B110:                                             ; preds = %B72, %middle.block, %vec.epilog.middle.block, %B0.endif
  store ptr %arg.arr.0, ptr %retptr, align 8
  %retptr.repack99 = getelementptr inbounds nuw i8, ptr %retptr, i64 8
  store ptr %arg.arr.1, ptr %retptr.repack99, align 8
  %retptr.repack101 = getelementptr inbounds nuw i8, ptr %retptr, i64 16
  store i64 %arg.arr.2, ptr %retptr.repack101, align 8
  %retptr.repack103 = getelementptr inbounds nuw i8, ptr %retptr, i64 24
  store i64 %arg.arr.3, ptr %retptr.repack103, align 8
  %retptr.repack105 = getelementptr inbounds nuw i8, ptr %retptr, i64 32
  store ptr %arg.arr.4, ptr %retptr.repack105, align 8
  %retptr.repack107 = getelementptr inbounds nuw i8, ptr %retptr, i64 40
  store i64 %arg.arr.5.0, ptr %retptr.repack107, align 8
  %retptr.repack109 = getelementptr inbounds nuw i8, ptr %retptr, i64 48
  store i64 %arg.arr.6.0, ptr %retptr.repack109, align 8
  ret i32 0
}

Full LLVM IR: LLVM IR from `my_array_add` - JustPaste.it

This is why I am asking if there is an example that I can refer to. Thanks!

Any thoughts on how to debug or why the segmentation fault happens?

Is the function signature correct? Or is there potentially padding I need to apply on data?

Feels like an out of bound access but the LLVM IR block is really hard to understand especially the for loop part

NRT_MemInfo *, /*parent*/ void *, /*nitems*/ int64_t,
           /*itemsize*/ int64_t, /*data*/ int32_t *, /*shape*/ int64_t[1],
           /*strides*/ int64_t[1]

@jimlin I made a little demo here, feel free to take a look. There are actually two demos in one there, calculation is compiled from a cfunc’s LLVM code and then statically linked in the executable main; and another_calculation is compiled from njit’s LLVM into a shared lib and loaded dynamically during main’s runtime.

Thanks @milton, really appreciate it!

In your example:

another_calculation_signature = float64(float64)

@njit(another_calculation_signature)
def another_calculation(param):
    return 3.141 * param ** 2

is taking float as input arguments but what about the case when inputs are np.ndarray?

Something like:

@nb.njit
def my_array_add(arr: np.array):
  x = arr.size
  for i in range(arr.shape[0]):
    arr[i] = arr[i] + 1345 + x
  return arr

my_array_add(np.array([1,2,3], dtype=np.int32))

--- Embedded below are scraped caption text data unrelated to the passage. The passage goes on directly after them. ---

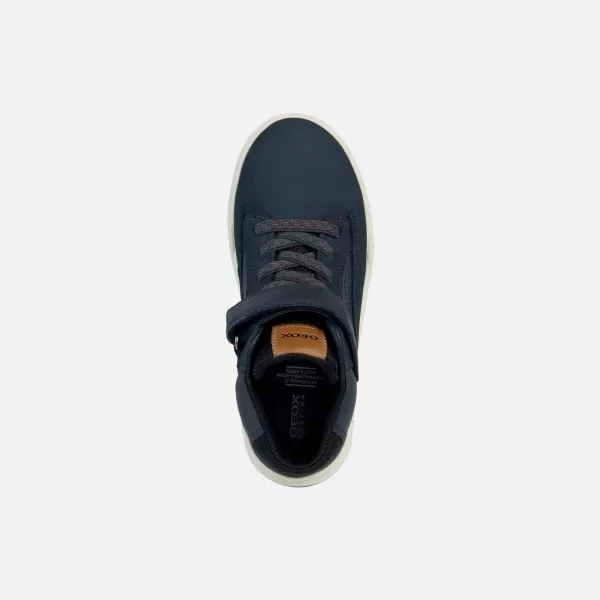  Stiefeletten für Jungen GEOX BUNSHEE B ABX DUNKELBLAU 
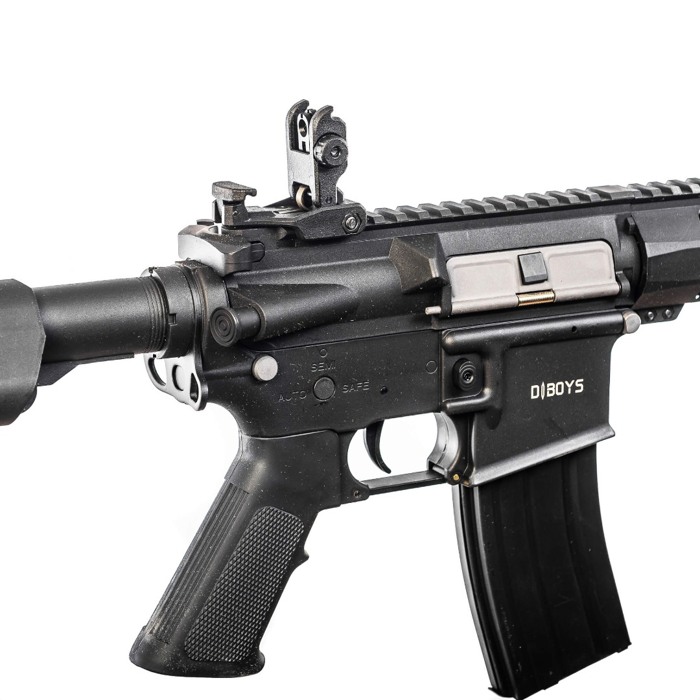 Штурмовая винтовка M4 10" 3381 Black D-BOYS фото 9
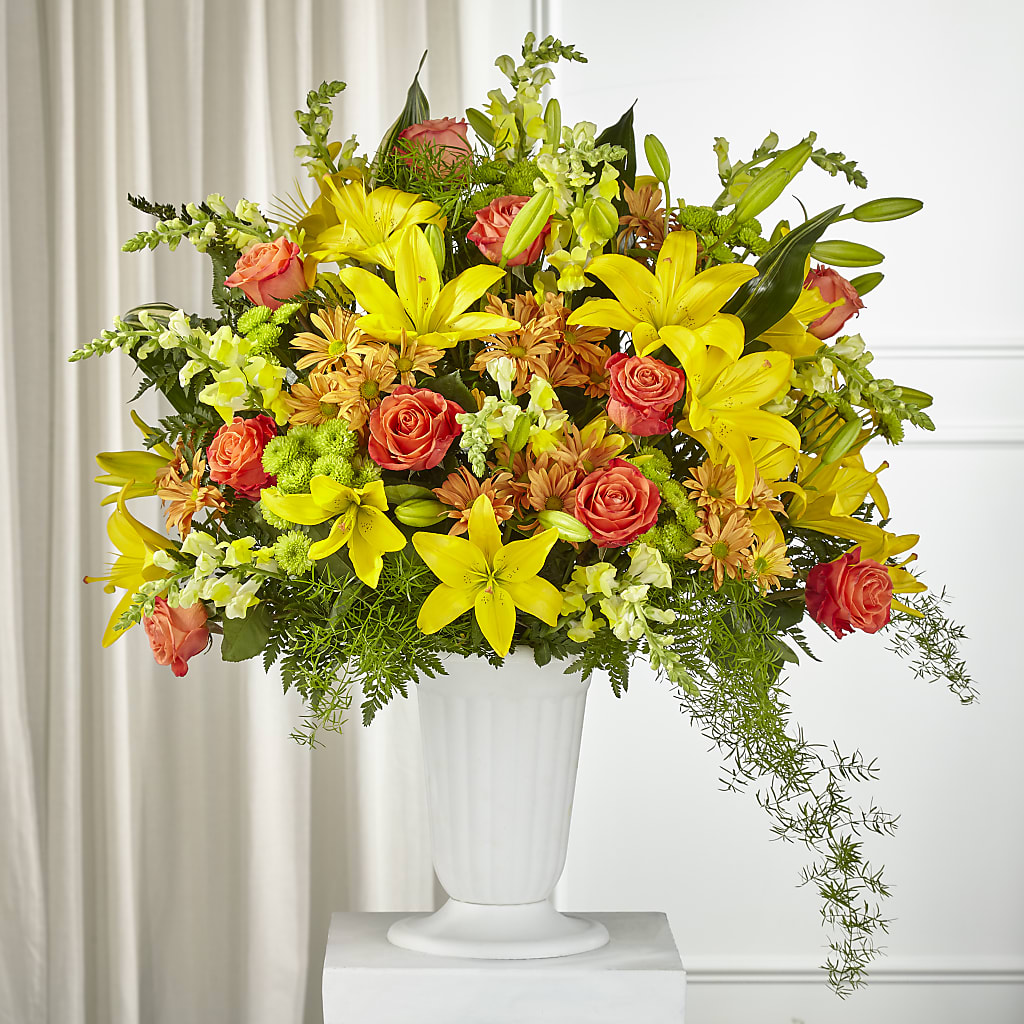 Fall Sentiments Arrangement – Bloom Balloon Llc, Newark DE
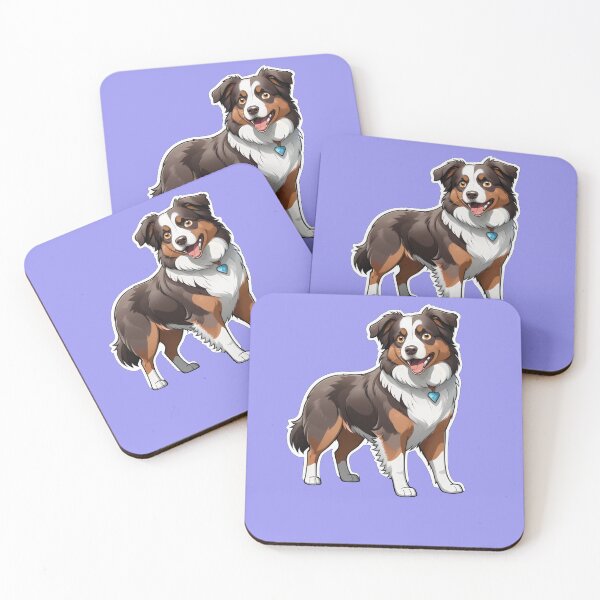 Item preview, Nice Australian Shepherd, Pretty Aussie designed and sold by Bilisik.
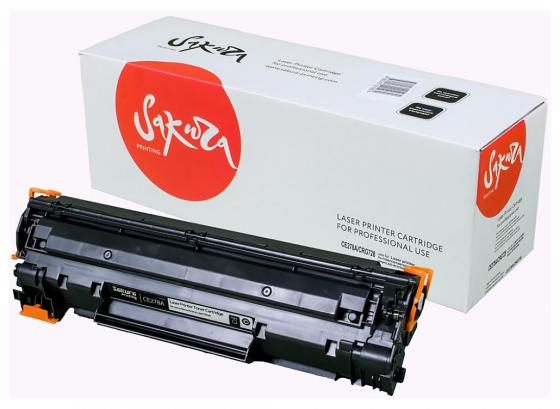 

Картридж Sakura CE278A для HP laser Pro P1560/1636/1566/1600/1606 черный 2100стр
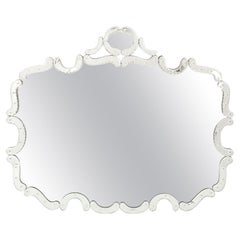 Midcentury Venetian Mirror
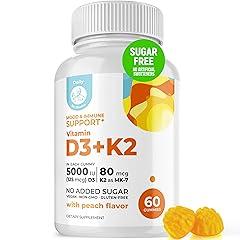Dr. Moritz Vitamin D3 K2 Gummies 5000 IU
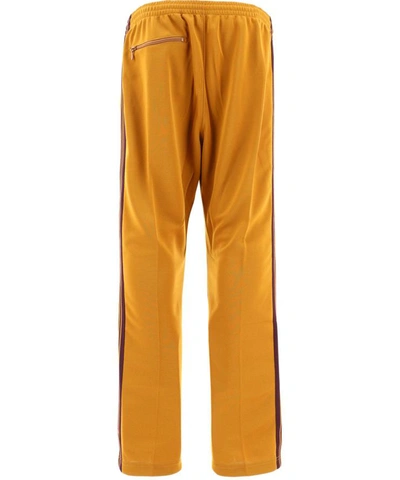 Shop Needles Side Band Pants In Gold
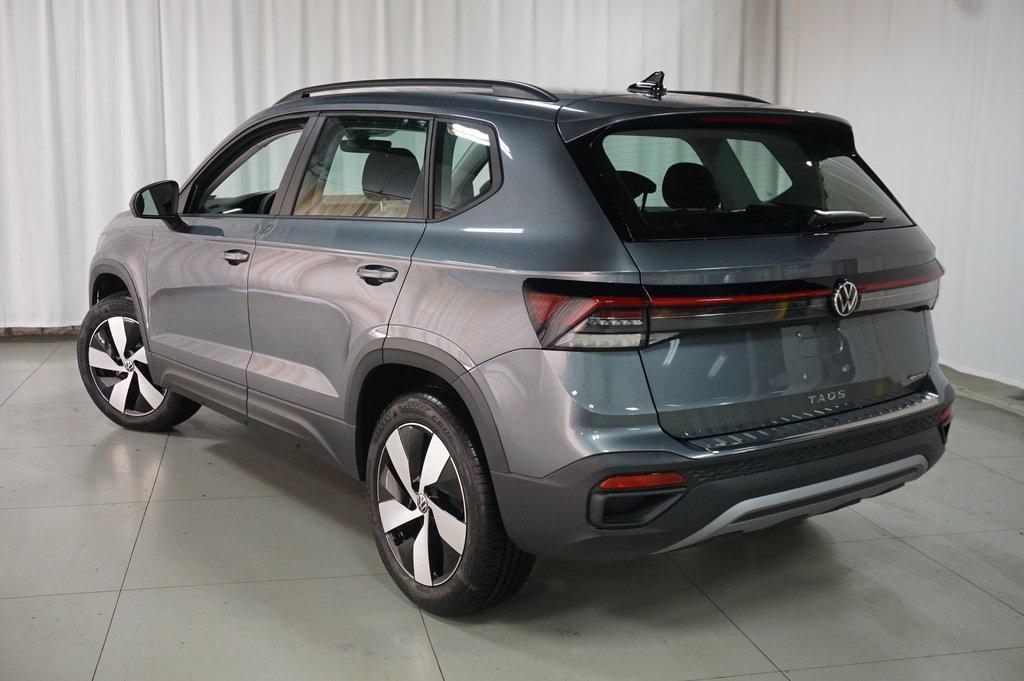 new 2025 Volkswagen Taos car, priced at $27,800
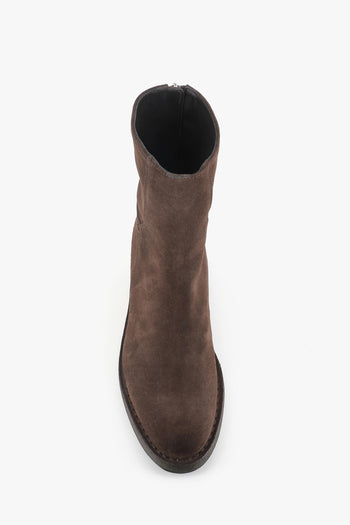 Stivaletto 16551a Marrone Donna - 5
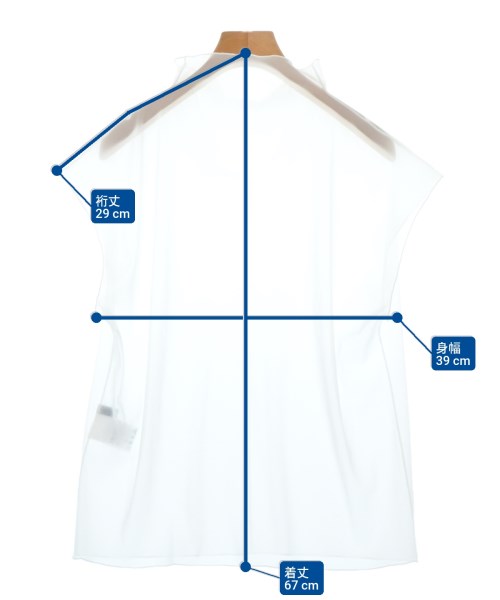 PLST เสื้อยืด/เสื้อท็อปส์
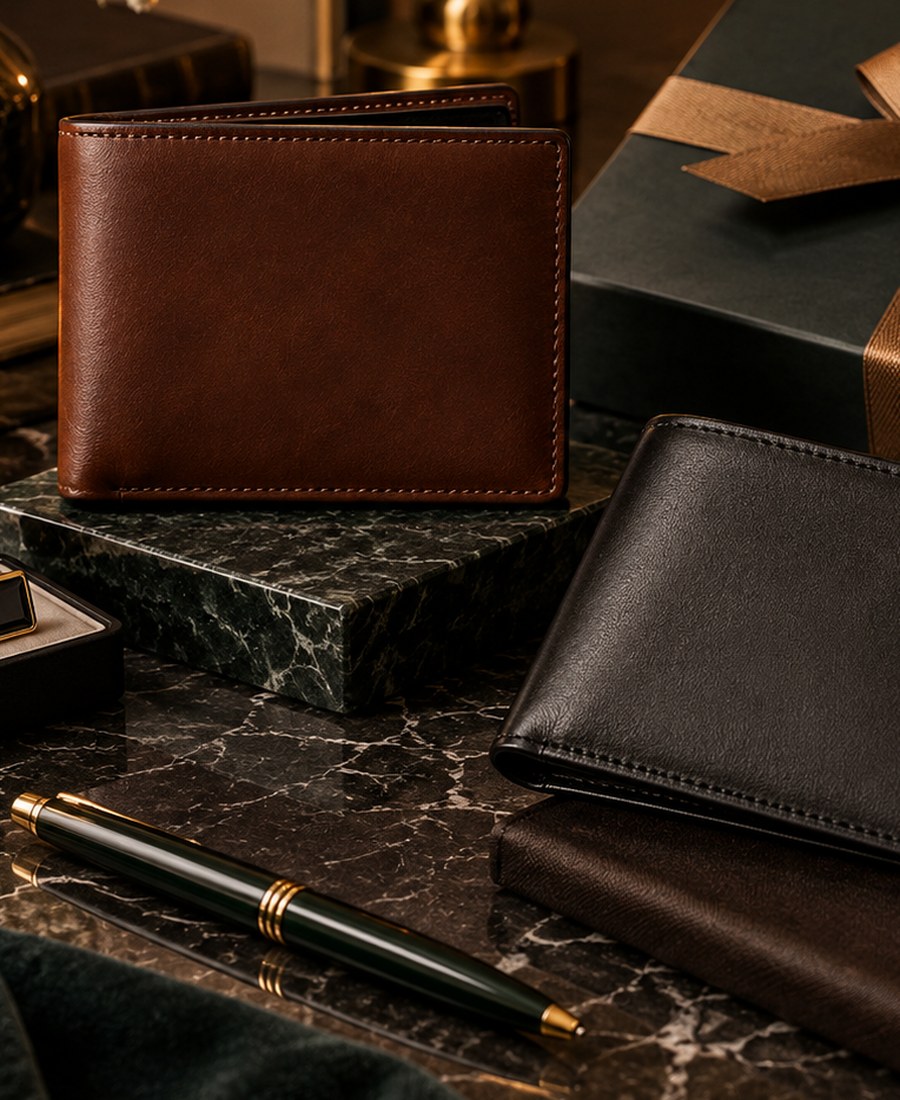 Dompet kulit premium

Do you mind also show me how to do it for my_array_add?

I can’t figure out why:

  int32_t data[] = {1, 2, 3};
  int64_t nitems = 3;
  int64_t itemsize = 4;
  int64_t shape[1] = {3};
  int64_t strides[1] = {4};

are not valid inputs in C++.

Thanks so much!

Thanks!

So I just realized from reading more about the LLVM IR that was generated (https://g.co/gemini/share/ffee717658df)

I think Numba might have implicit assumption of memory alignments because LLVM IR contains some SIMD vector instructions.

Could this be the reason I am seeing segmentation faults?

Sorry for spamming, but I just figured out!

Turns out the function signature should have been:

struct RetType{
  NRT_MemInfo *meminfo;
  void *parent;
  int64_t nitems;
  int64_t itemsize;
  int32_t *data;
  int64_t shape;   // <-- I thought this should be `int64_t[1]`
  int64_t strides;  // <-- I thought this should be `int64_t[1]`
};

RetType (*f)(NRT_MemInfo *, /*parent*/ void *, /*nitems*/ int64_t,
           /*itemsize*/ int64_t, /*data*/ int32_t *, /*shape*/ int64_t, // not int64_t[1]'s pointer
           /*strides*/ int64_t. // not int64_t[1]'s pointer
          )

Basically, I misinterpreted { ptr, ptr, i64, i64, ptr, [1 x i64], [1 x i64] } %.1. I thought [1 x i64] means I need to pass int64_t[2]'s pointer.

Turns out it just mean I need to pass 1 int64_t.

Credits to Gemini’s code translation from LLVM IR to C++ code that helped me throughout the debugging process!